I arrived in Dublin on a beautifully sunny autumn day. I made it to my rental in time to watch the sunset cast golden hues over vibrantly green hills. Suddenly, I wondered if all the stories I’d heard about the weather in Ireland must’ve been devised to keep traveling surfers like me away. This wasn’t at all what I was expecting.
I awoke with high hopes the next morning but found those tales of Irish weather were in fact true. The weather that had greeted me upon arrival was more the exception than the rule. It rained and the wind blew, then it rained some more and the wind blew more fiercely. It continued to do this for the first half of my trip. At one point, I had to fight off depression at the thought of making it to Ireland and not being able to surf. I’d dreamt of surfing in Ireland for well over a decade and here I was, finally in Ireland with plenty of swell but absolutely horrendous conditions—rain was pouring down sideways and the ocean had whitecaps to the horizon.
There is a reason why Ireland is so beautifully green; it rains a lot. The rain would cease periodically (although the wind never really did) and during those brief dry interludes, I did my best to see what the Emerald Isle had to offer. I drove the Wild Atlantic Way, checked out a few of Ireland’s sites, and scouted for potential waves once the wind backed off. But mostly I checked the forecast. You have to be constantly monitoring the weather or you might miss your only window of opportunity.

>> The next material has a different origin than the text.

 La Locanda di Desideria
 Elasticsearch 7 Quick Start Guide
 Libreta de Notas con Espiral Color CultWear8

On one particular interlude, I decided to explore some coastline to the north. I eventually found myself atop some of the most drastic seaside cliffs I have ever seen. The wind was so fierce it was actually blowing water from a waterfall skyward up the cliff’s face. I’d never seen anything like it. The stream was flowing off the cliff creating a beautiful waterfall, but the onshore wind was so powerful that it was actually sending the water vertically up the cliff and back to where it came from. Offshore a couple miles there was a rainstorm that divided clear skies with sheets of rain on the horizon of the Atlantic. This was Ireland.
The Irish are a hardy people. They are so accustomed to the weather it’s as if they don’t even notice it. I saw one man mowing his lawn during a brief break in the rain while the wind was still blowing at a strong gale. I watched another man go for a run in the rain and wind when the air temperature hovered in the low 50’s, wearing nothing but shorts and a sleeveless top. I suppose in Ireland if you let the weather dictate your productivity you might never leave the house.

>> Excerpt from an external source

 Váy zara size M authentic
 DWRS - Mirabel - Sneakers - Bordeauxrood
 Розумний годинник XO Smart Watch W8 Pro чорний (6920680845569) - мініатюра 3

After a while, I came to terms with it all and began to embrace the weather. It has a way of forcing you to slow down. I spent a number of contented hours drinking coffee by the fireplace and watching the wind whip up a fury outside my window. It had been a while since I was afforded such a luxury. I stopped worrying if I’d score waves and started appreciating where I was and the people I met along the way. The funny thing is, as soon as I came to terms with the fact that I might not get to surf during my time there, the forecast began to call for a switch in the winds.
The coastline in Ireland is one of the most diverse I’ve explored. It seems like it can’t go more than a mile without a change in the direction it faces. And with so much diversity there is an endless amount of potential. When the conditions finally do come together it’s not so much a question of if there will be good waves but where they are and how to get to them. Thankfully, a friend I met along the way was kind enough to point me in the right direction on where to look for surf.

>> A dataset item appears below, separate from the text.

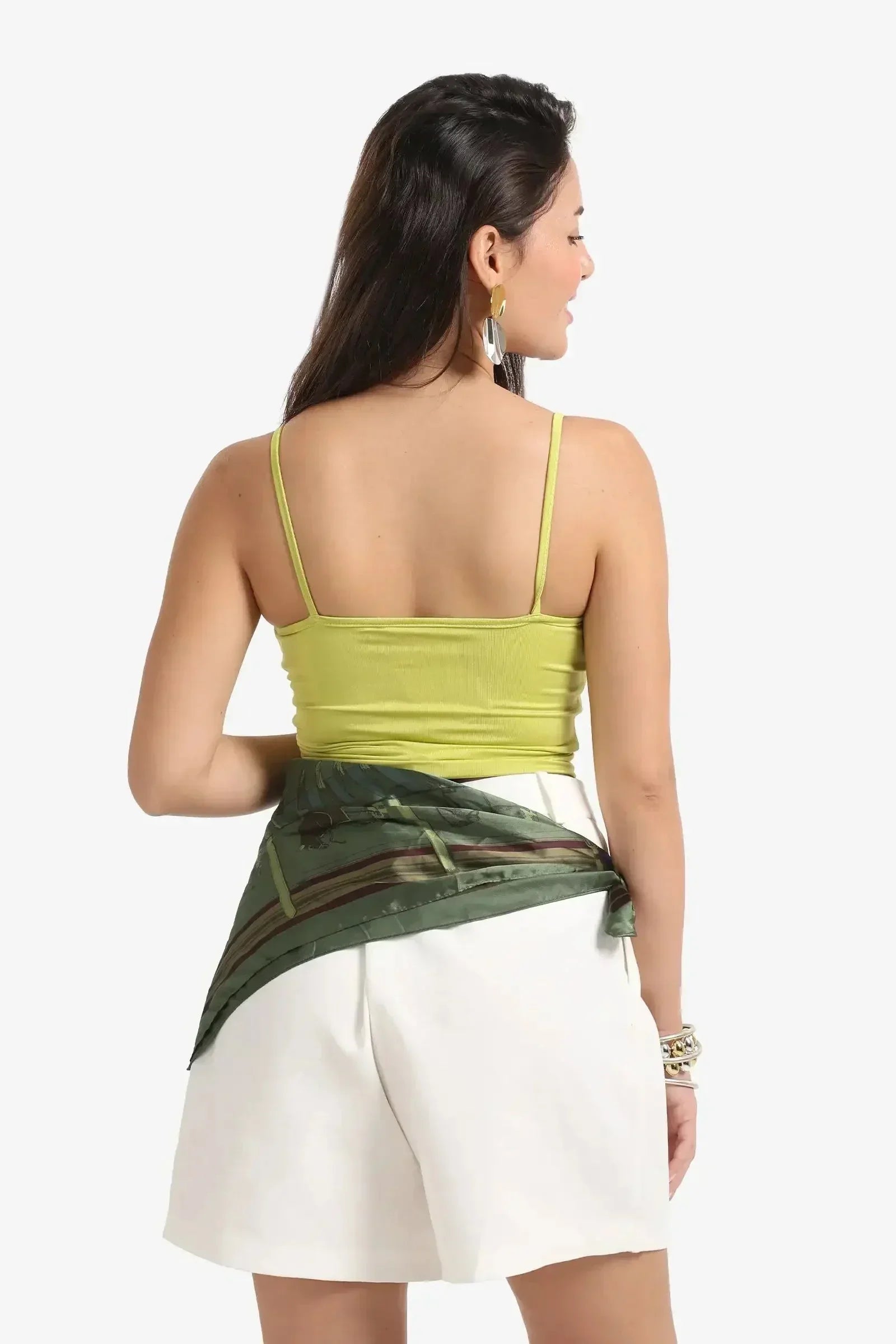 Carina - Front Cut Out Waist Top 7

One of the beautiful things about the coastline is that a lot of it is undeveloped, so even if you know where to look you might be within earshot of good waves but have no idea they are there or how to get to them. I thought this might end up being my destiny for the trip. I watched through the windshield wipers as wave after wave peeled down the point. Even from the overlook about two miles away, I could tell it was pumping, but I had no idea how to get there. It was one of the most frustrating experiences of my life. I drove the winding road back and forth looking for the turnoff that would grant me access to the point. Back and forth I drove. Finally, I saw a small one-lane road that seemed too far away from the point to be the right road, but it was my last option so I turned off on it. I made my way through some fields and by some farmhouses. It eventually ended in a small cluster of houses with a few cars parked off to the side. There was a path that led down toward the water.
I began the trek toward the ocean with a little apprehension. I wasn’t sure if I was allowed to park where I did or if I was even supposed to be walking where I was. After about ten minutes the path ended at the bottom of a long bay. I knew at the top of the bay was the point I’d watched from a couple miles away.
This was way better than drinking coffee by the fireplace.